Data publikacji:
2021-11-22
Strona główna > Artykuł
"To zmasowana operacja psychologiczna, która ma zastraszyć opinię publiczną na Zachodzie". Konończuk o działaniach dezinformacyjnych Rosji
Jedynka
Rosja już od dłuższego czasu prowadzi kampanie dezinformacyjne przeciwko krajom Unii Europejskiej, wykorzystując do tego media tradycyjne i społecznościowe. - Rosjanie są jednymi z pionierów, jeśli chodzi o kwestię dezinformacyjną. Mają długie tradycje jeszcze z czasów sowieckich - mówi w Programie 1 Polskiego Radia Wojciech Konończuk, wicedyrektor Ośrodka Studiów Wschodnich.
Prezydent Rosji Władimir Putinfot. Frederic Legrand - COMEO / shutterstock

Rosyjska dezinformacja, konflikt Rosji i Ukrainy, relacje litewsko-chińskie, obostrzenia na Słowacji i w Czechach (Jedynka/Więcej świata)
- Rosjanie, a wcześniej Związek Sowiecki, to mistrzowie dezinformacji - podkreślał w Rydze premier Mateusz Morawiecki.
Premier zaznaczył także: - Dziś widzimy wzmożony atak dezinformacji na zachodnie stolice, a tam niestety nie znają tych metod aż tak dobrze, jak w Rydze czy w Warszawie. Ta propaganda jest używana jako instrument walki z krajami bałtyckim i Polską na najróżniejsze sposoby. Prosimy naszych partnerów zachodnich, aby skoncentrowali się na tym, co najważniejsze - na walce z fake newsami, atakami hakerskimi, przestępstwami cyfrowymi, które są używane tak często przez Kreml oraz białoruskich i rosyjskich hakerów jako broń w walce na arenie międzynarodowej.
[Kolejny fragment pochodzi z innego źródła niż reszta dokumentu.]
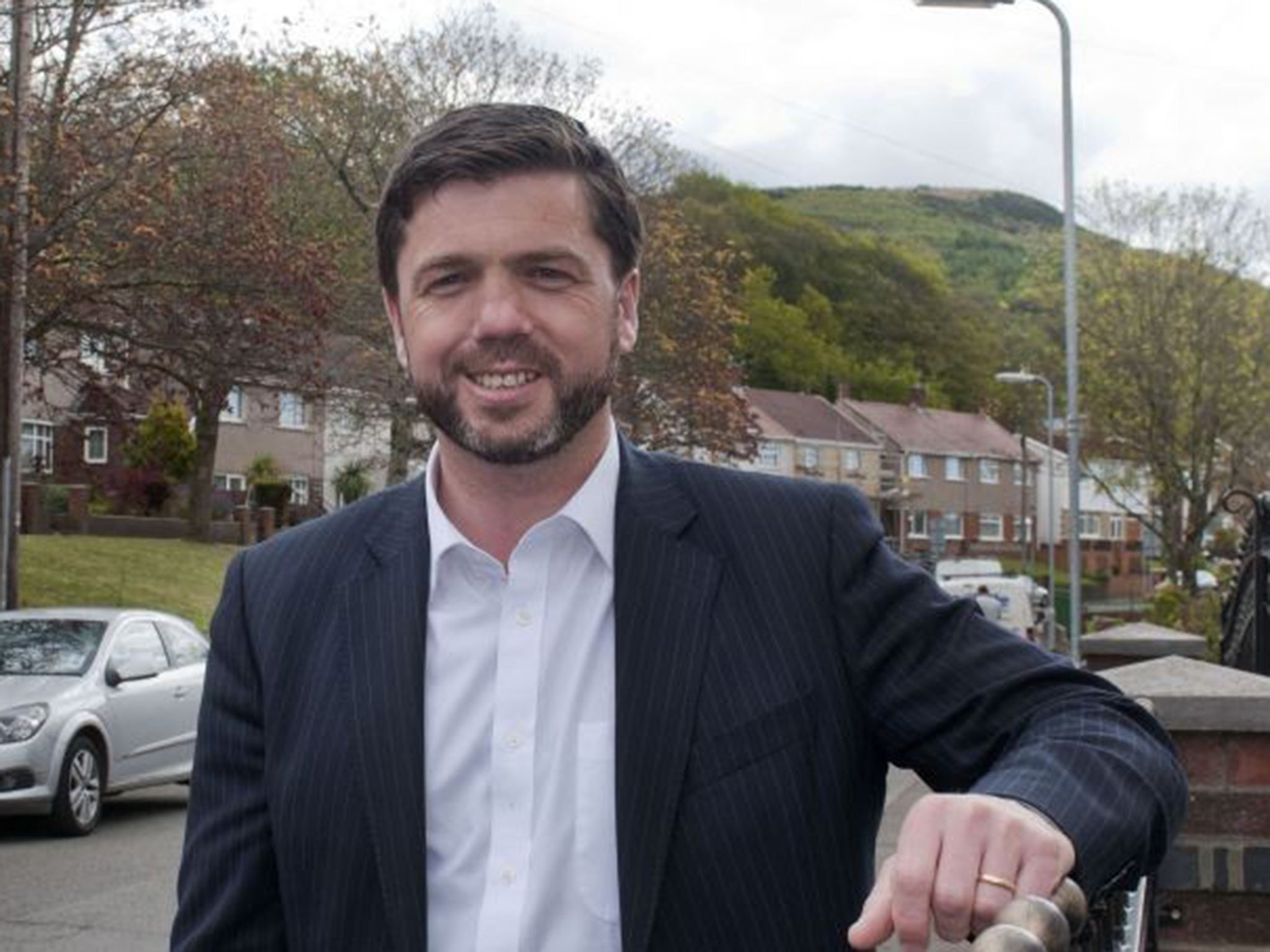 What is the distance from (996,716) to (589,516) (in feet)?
1.86

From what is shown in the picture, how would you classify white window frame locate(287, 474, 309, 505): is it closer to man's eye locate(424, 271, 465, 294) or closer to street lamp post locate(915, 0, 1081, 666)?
street lamp post locate(915, 0, 1081, 666)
1/2 Europe is facing new threats. Migration crisis, cyberattacks and gas price manipulation are just examples of hybrid war launched at Minsk and Moscow. PL, LT, LV and EE are on the front line of this attack. We remain united and solidary. This is the only way for Europe. pic.twitter.com/XbNufj3AZb
— Mateusz Morawiecki (@MorawieckiM) November 21, 2021
Zachód boi się działań Rosji
Czy faktycznie kampanie dezinformacyjne i te związane z fake newsami są dzisiaj bardziej nasilone niż kiedykolwiek wcześniej? - Rosjanie przede wszystkim dobrze sobie z tym radzą. Są jednymi z pionierów, jeśli chodzi o kwestię dezinformacyjną. Mają długie tradycje jeszcze z czasów sowieckich - komentuje Wojciech Konończuk.
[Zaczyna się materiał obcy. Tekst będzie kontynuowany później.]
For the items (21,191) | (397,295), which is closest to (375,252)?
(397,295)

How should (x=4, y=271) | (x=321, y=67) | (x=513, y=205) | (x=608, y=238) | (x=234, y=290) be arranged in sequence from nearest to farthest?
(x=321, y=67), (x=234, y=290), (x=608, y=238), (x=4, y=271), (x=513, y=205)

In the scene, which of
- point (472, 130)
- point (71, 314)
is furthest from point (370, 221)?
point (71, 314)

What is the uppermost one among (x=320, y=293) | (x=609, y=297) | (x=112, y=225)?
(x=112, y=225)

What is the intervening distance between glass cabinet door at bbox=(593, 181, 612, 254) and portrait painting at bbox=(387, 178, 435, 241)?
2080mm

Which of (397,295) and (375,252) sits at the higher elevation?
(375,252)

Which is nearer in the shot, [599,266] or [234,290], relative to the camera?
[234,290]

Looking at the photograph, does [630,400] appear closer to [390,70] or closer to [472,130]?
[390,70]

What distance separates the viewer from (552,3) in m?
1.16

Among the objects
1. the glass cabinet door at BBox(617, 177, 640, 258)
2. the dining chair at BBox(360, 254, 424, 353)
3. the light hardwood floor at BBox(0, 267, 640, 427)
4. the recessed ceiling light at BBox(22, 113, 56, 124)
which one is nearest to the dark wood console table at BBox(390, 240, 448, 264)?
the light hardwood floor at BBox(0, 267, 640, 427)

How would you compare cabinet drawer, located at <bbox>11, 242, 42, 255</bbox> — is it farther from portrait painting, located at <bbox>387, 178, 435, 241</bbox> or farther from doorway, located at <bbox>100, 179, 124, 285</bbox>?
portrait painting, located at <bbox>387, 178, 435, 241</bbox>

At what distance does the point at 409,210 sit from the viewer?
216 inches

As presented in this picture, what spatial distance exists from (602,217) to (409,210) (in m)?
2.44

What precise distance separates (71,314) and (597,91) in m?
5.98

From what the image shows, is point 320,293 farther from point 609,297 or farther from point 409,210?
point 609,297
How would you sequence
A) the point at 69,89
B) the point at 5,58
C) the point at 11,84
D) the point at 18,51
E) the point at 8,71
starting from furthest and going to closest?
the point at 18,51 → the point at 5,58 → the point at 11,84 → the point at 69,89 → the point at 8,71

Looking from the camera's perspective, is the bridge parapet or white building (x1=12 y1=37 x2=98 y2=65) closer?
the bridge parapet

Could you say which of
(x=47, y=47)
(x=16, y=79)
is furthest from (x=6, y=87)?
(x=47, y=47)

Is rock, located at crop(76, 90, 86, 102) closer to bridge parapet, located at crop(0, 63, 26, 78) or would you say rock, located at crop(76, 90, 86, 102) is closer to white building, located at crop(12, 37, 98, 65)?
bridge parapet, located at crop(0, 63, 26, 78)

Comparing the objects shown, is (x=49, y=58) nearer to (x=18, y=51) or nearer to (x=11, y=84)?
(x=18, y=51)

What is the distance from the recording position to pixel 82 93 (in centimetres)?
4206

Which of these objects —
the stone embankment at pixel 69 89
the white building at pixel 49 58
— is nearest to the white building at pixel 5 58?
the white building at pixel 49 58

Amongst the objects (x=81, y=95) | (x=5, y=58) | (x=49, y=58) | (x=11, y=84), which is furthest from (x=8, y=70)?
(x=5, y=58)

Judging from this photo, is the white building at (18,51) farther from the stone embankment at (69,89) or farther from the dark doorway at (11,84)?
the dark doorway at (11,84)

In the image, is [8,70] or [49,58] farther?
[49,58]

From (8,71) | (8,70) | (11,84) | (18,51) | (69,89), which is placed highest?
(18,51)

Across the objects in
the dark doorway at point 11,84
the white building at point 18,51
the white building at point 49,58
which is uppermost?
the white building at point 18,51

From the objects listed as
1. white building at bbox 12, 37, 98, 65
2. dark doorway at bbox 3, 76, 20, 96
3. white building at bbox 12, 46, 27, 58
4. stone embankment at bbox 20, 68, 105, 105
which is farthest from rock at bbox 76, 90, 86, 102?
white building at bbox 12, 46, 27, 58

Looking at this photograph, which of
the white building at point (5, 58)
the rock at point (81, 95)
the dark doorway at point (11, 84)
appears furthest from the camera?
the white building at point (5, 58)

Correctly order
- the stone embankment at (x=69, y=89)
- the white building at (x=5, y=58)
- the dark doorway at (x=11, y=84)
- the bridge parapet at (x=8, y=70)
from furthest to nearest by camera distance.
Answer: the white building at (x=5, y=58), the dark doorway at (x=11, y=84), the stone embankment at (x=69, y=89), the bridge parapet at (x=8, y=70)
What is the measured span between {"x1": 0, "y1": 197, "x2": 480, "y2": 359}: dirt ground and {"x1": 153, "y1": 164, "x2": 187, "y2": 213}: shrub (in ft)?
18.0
- Z jednej strony to rozbudowane instrumentarium rosyjskie wpływania na społeczeństwa zachodnie, także przez telewizję Russia Today czy różnego rodzaju wersje językowe Sputnika. Z drugiej strony to także, co jest bardzo ważne, cyberataki. Widać tutaj, że w trwającym dialogu strategicznym między nową administracją w Waszyngtonie, a Kremlem, kwestia cyberataków jest jedną z ważniejszych. Rosjanie w te sprawy są bardzo dobrzy, a Zachód tego się boi, również dlatego, że najwidoczniej nie jest w stanie sobie z tym poradzić. To, że premier Morawiecki podnosi akurat tę sprawę na pierwszy plan, wydaje mi się bardzo ważne - dodaje ekspert Jedynki.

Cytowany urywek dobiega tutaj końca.